Reed Hastings avait déjà décrit sa décision de créer Netflix comme une « absurdité » qui lui aurait demandé « un niveau de confiance quasi irrationnel » : « pour être entrepreneur, il faut avoir l'impression d’être capable de sauter d'un avion parce que vous êtes persuadé de pouvoir attraper au vol un oiseau qui passerait par là », ajoutait-il alors. « Cela peut paraître absurde, et la plupart des entrepreneurs finissent par s’écraser parce que l'oiseau ne passe pas. Mais parfois il passe. »
En cette douce soirée du 16 septembre, sur le campus d’HEC, le quinquagénaire à l’allure débonnaire préfère décrire son parcours comme « une série d'événements heureux ». Netflix, selon Reed Hastings, est né de l'accumulation « d’idées épouvantables ». « Je suis un peu obsessionnel », avoue-t-il devant un amphithéâtre Blondeau plein à craquer : « une fois, j’avais fait un business plan détaillé pour une "souris à pied" pour mon ordinateur portable, afin de gagner du temps.

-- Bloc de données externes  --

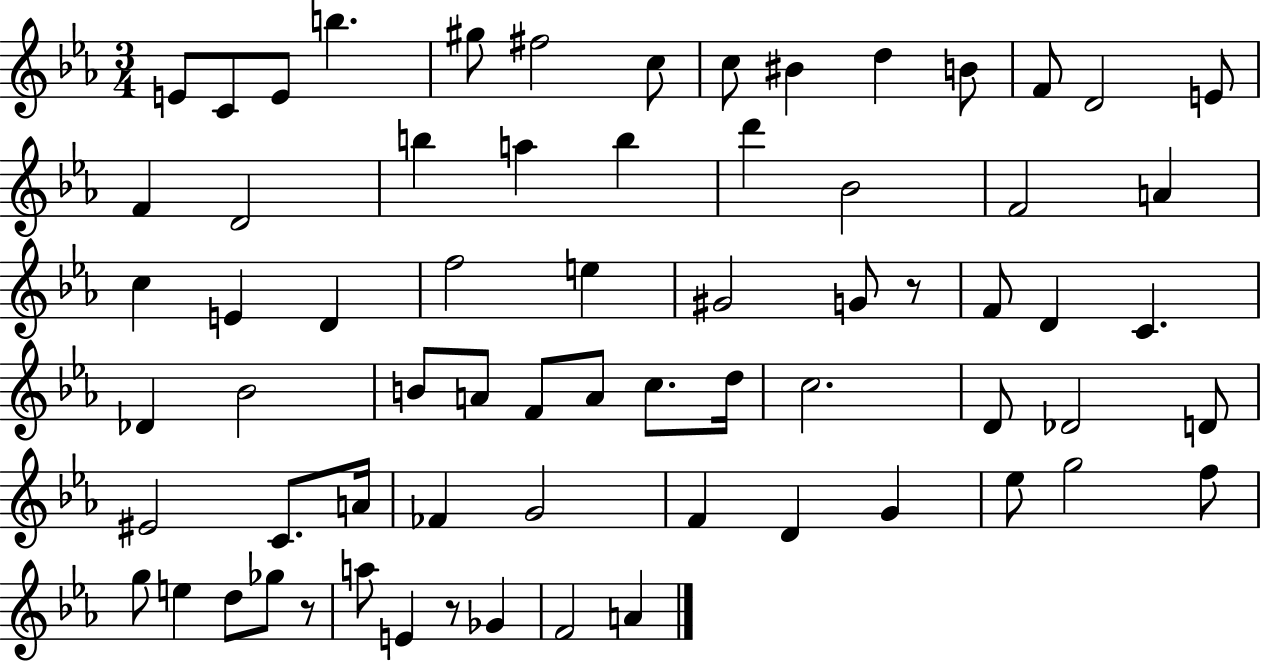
E4/e C4/e E4/e B5/q. G#5/e F#5/h C5/e C5/e BIS4/q D5/q B4/e F4/e D4/h E4/e F4/q D4/h B5/q A5/q B5/q D6/q Bb4/h F4/h A4/q C5/q E4/q D4/q F5/h E5/q G#4/h G4/e R/e F4/e D4/q C4/q. Db4/q Bb4/h B4/e A4/e F4/e A4/e C5/e. D5/s C5/h. D4/e Db4/h D4/e EIS4/h C4/e. A4/s FES4/q G4/h F4/q D4/q G4/q Eb5/e G5/h F5/e G5/e E5/q D5/e Gb5/e R/e A5/e E4/q R/e Gb4/q F4/h A4/q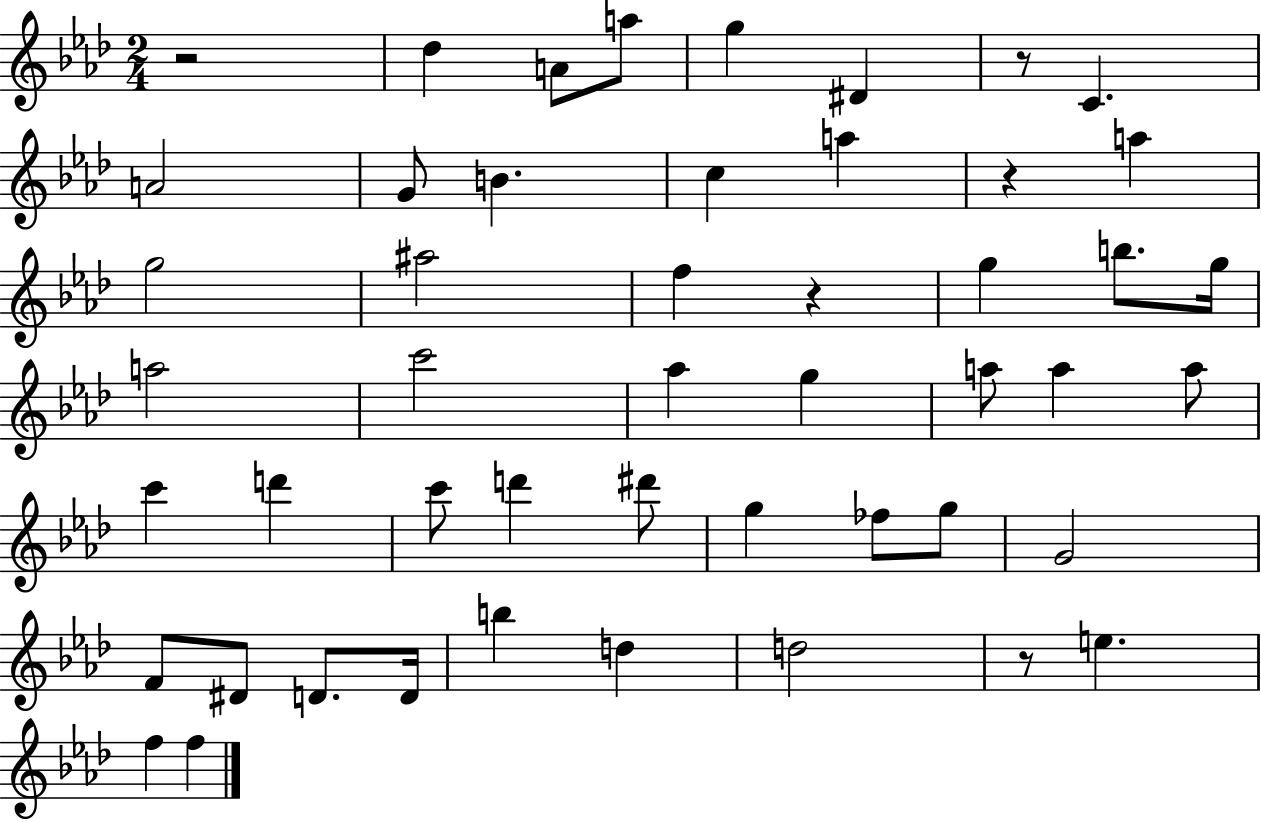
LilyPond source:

{
  \clef treble
  \numericTimeSignature
  \time 2/4
  \key aes \major
  r2 | des''4 a'8 a''8 | g''4 dis'4 | r8 c'4. | \break a'2 | g'8 b'4. | c''4 a''4 | r4 a''4 | \break g''2 | ais''2 | f''4 r4 | g''4 b''8. g''16 | \break a''2 | c'''2 | aes''4 g''4 | a''8 a''4 a''8 | \break c'''4 d'''4 | c'''8 d'''4 dis'''8 | g''4 fes''8 g''8 | g'2 | \break f'8 dis'8 d'8. d'16 | b''4 d''4 | d''2 | r8 e''4. | \break f''4 f''4 | \bar "|."
}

Mais j'ai découvert que les sols sont souvent très sales, et puis j'ai très vite eu des crampes à la jambe. » Sans être découragé par des échecs répétés, l'entrepreneur américain avoue avoir exploré des projets « idiots », dont l'un, Pure Software, a pourtant fini par décoller en 1991. « L'humour noir m'a toujours aidé à relever ces défis. Dans l’entrepreneuriat, il est impossible d'éviter l'échec. Vous devez juste accepter que ça ne marchera probablement pas. Mais vous apprendrez beaucoup. »
Netflix en France
Reed Hastings évoque ensuite sa philosophie des affaires, ses projets philanthropiques et les défis futurs du secteur du divertissement : présents sur scène, trois étudiants, Agnès Ignace (EMBA), Arnaud Steinfels (MBA) et Rozenn Révois (Grande Ecole), ont relayé directement les questions du public. Celles-ci concernaient aussi bien les politiques de recrutement du PDG, que ses méthodes de management iconoclastes (notamment le controversé « keeper test ») et sa riposte face aux offensives d’Apple et Disney. « J'évite les métaphores guerrières », reconnaît l’ancien ingénieur devant un auditoire captivé. « Je vois mes concurrents dans le secteur du divertissement davantage comme des athlètes sur une piste de course. On se bousculera peut-être un peu, mais on n'essaiera pas de faire trébucher les autres. »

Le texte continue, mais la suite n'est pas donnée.